Seis años después de optar al Oscar al mejor film animado por El secreto del libro de Kells (2009), Tomm Moore volvió a estar nominado en la misma categoría por la continuación de dicho film: La canción del mar (2015), película en la que el genial director irlandés buscó inspiración nuevamente en la mitología irlandesa. En esta ocasión, el que muchos califican como el sucesor de Hayao Miyazaki -y más especialmente desde la retirada del maestro japonés-, recurre a la leyenda celta de los selkies o, lo que es lo mismo, focas que se transformaban en mujeres de gran belleza para poder vivir entre humanos, ocultando previamente su piel cerca del mar, entre las rocas. La nueva obra de Moore es un auténtico recital de buen gusto, sensibilidad y animación a la vieja usanza capaz de engatusar por igual a grandes y pequeños: ambos quedarán hipnotizados por igual ante una obra que admite tantas lecturas como visionados.
La historia de La canción del mar gira en torno a dos hermanos que son enviados a vivir con su abuela tras la muerte de su madre. Una vez deciden volver a casa, el camino se convierte en toda una aventura en la que Ben intentará abrirse paso a través de las leyendas que le narraba su madre y las extraordinarias habilidades de su hermana Saoirse, una selkie cuyo canto es capaz de acabar con la maldición de la Bruja de los Búhos que ha convertido en rocas a las criaturas mágicas con el fin de evitarles el sufrimiento. Película rebosante de encanto y con un maniático placer por el detalle, La canción del mar conquista principalmente por su sistema de animación tradicional. Dibujos hechos a mano, al más puro estilo artesanal, que abrazan la mayor cantidad de belleza que seamos capaces de imaginar, y siempre realzados por una conmovedora y evocadora música de gran elegancia instrumental. Obra maestra de la animación que no tiene nada que envidiar a ninguna de las joyas que ha alumbrado Pixar en los últimos años, llámense Toy-Story 3 (2010) o Wall-E (2008).
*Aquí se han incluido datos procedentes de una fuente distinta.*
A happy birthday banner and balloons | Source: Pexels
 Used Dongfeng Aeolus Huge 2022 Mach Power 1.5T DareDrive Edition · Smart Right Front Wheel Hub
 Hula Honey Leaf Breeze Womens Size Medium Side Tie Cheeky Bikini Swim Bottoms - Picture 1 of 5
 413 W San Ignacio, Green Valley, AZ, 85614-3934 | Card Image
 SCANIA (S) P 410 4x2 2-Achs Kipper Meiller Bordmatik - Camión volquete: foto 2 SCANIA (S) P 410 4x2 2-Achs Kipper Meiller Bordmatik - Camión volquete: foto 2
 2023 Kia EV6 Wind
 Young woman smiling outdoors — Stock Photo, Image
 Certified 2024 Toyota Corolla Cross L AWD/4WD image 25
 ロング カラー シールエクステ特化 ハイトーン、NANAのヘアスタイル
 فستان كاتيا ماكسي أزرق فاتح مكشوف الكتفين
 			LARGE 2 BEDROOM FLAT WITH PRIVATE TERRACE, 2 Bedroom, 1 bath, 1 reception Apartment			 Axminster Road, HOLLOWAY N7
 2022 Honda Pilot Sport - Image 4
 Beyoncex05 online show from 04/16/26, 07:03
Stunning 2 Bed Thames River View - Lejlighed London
Más allá de su ingente cantidad de metáforas y de aglutinar muchos de los temas de cabecera de Miyazaki como el amor por la naturaleza –en las estampas de sus paisajes la película alcanza sus mayores cotas de belleza y preciosismo-, la importancia de la familia, el sobreponerse a los miedos o a la pérdida o la propia fascinación por la mitología -razones, todas, por las cuales su fisonomía resultará reconocible para los fans del máximo responsable de Mi vecino Totoro (1988) o El castillo ambulante (2004)-, lo que hace grande La canción del mar es la férrea voluntad de su autor por salirse de las normas impuestas del mercado. Moore vuelve a romper con los, de alguna manera, parámetros establecidos y sorprende con una película que es en sí todo un torrente de libertad artística, por mucho que el resultado sea, a todas luces, comercialmente suicida. En los tiempos que corren se agradecen rarezas como esta, en las que un autor no se doblegue ante la tiranía del mercado o las condiciones impuestas por los grandes estudios y dirija el proyecto que desee, más allá de la rentabilidad del mismo.
A pesar de que adolece de algún que otro tramo arrítmico y que su acción podrían haberse condensado en media hora menos de metraje, estamos ante una película recomendada para aquellos que quieran dejarse sorprender por un espectáculo mágico, evocador y místico compuesto por unos fotogramas magistralmente coloreados, llenos de tonalidades y trazos sencillos capaces de hacer recuperar la fe incluso al más escéptico con el cine de animación. Al final el espectador, con lágrimas en los ojos, agradecerá haber disfrutado de una fábula que, en última instancia, encierra un demoledor mensaje: nunca hay que reprimir los sentimientos.